* What is being asked *
When you reproduce the listing, keep every word as it is and drop the pictures.

* Dataset excerpt *
________________________________________

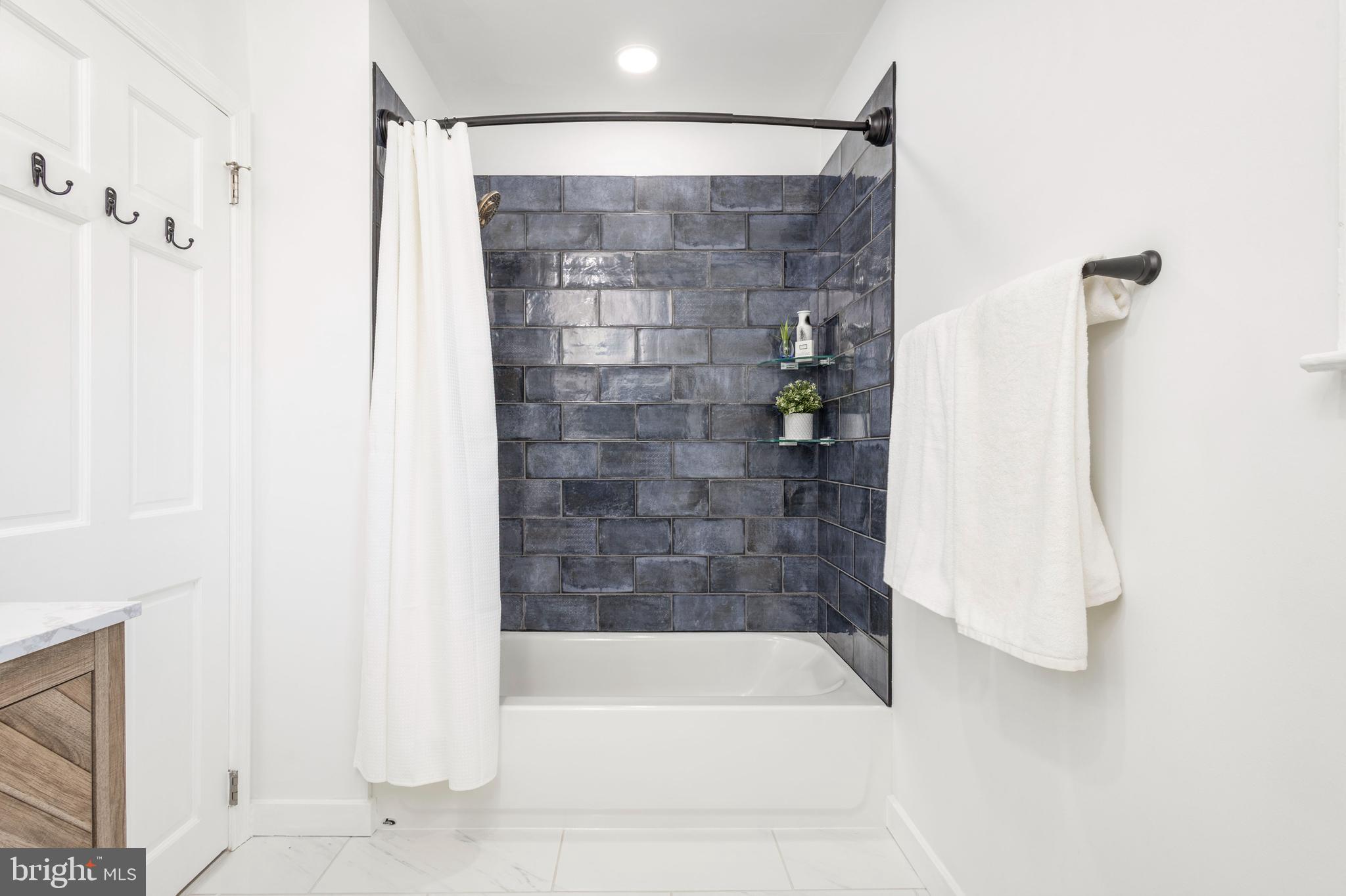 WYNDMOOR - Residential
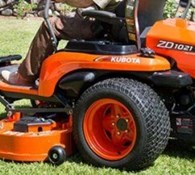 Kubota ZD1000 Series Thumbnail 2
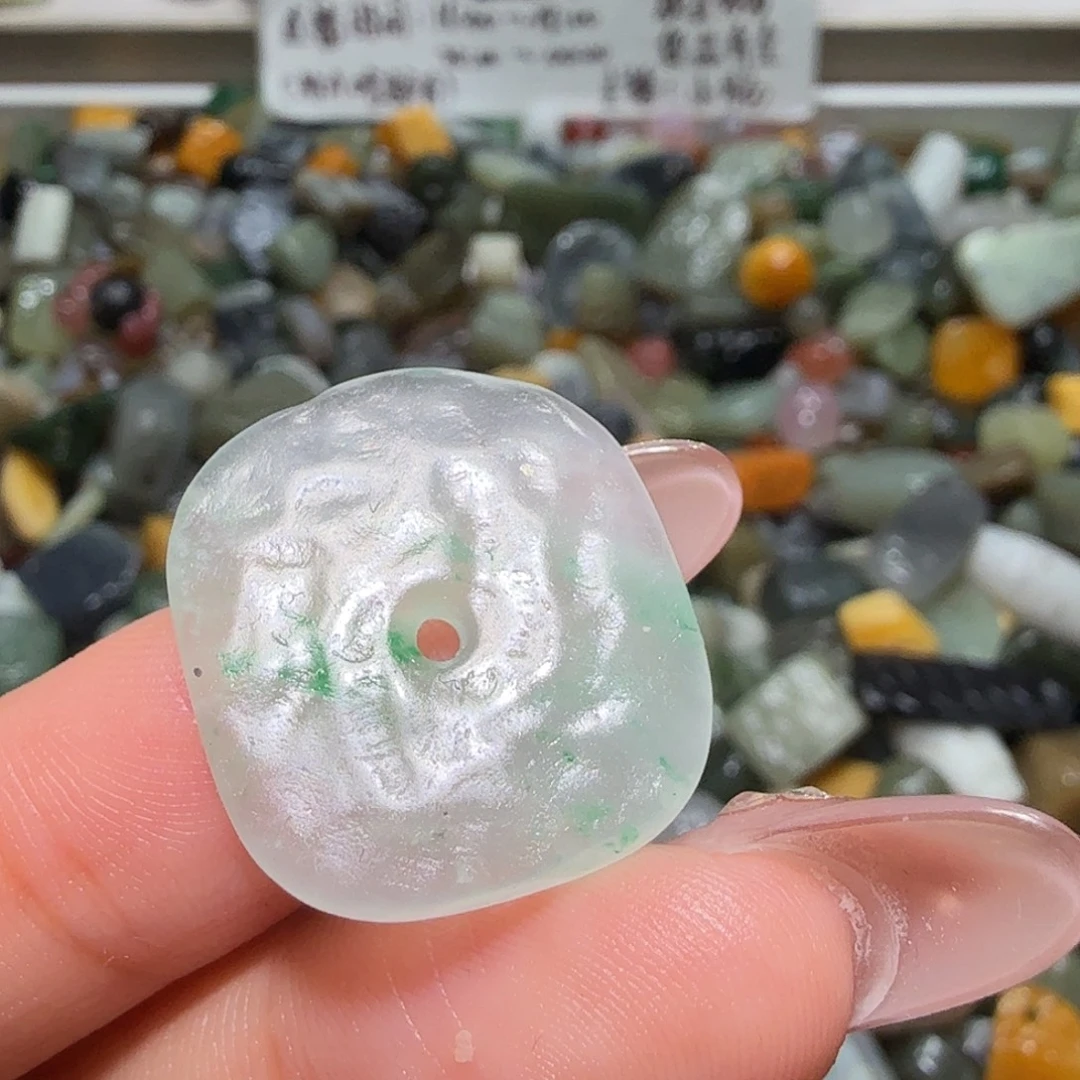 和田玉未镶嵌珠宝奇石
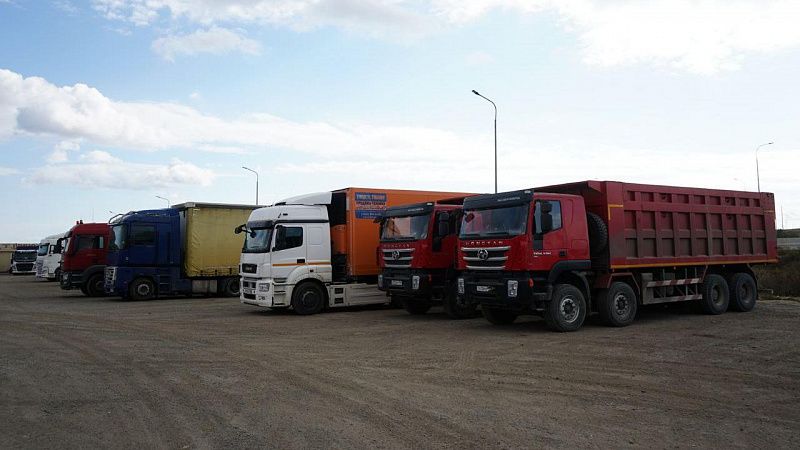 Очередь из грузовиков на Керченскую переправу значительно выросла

________________________________________

* The completed task *
 WYNDMOOR - Residential
 Kubota ZD1000 Series Thumbnail 2
 和田玉未镶嵌珠宝奇石
 Очередь из грузовиков на Керченскую переправу значительно выросла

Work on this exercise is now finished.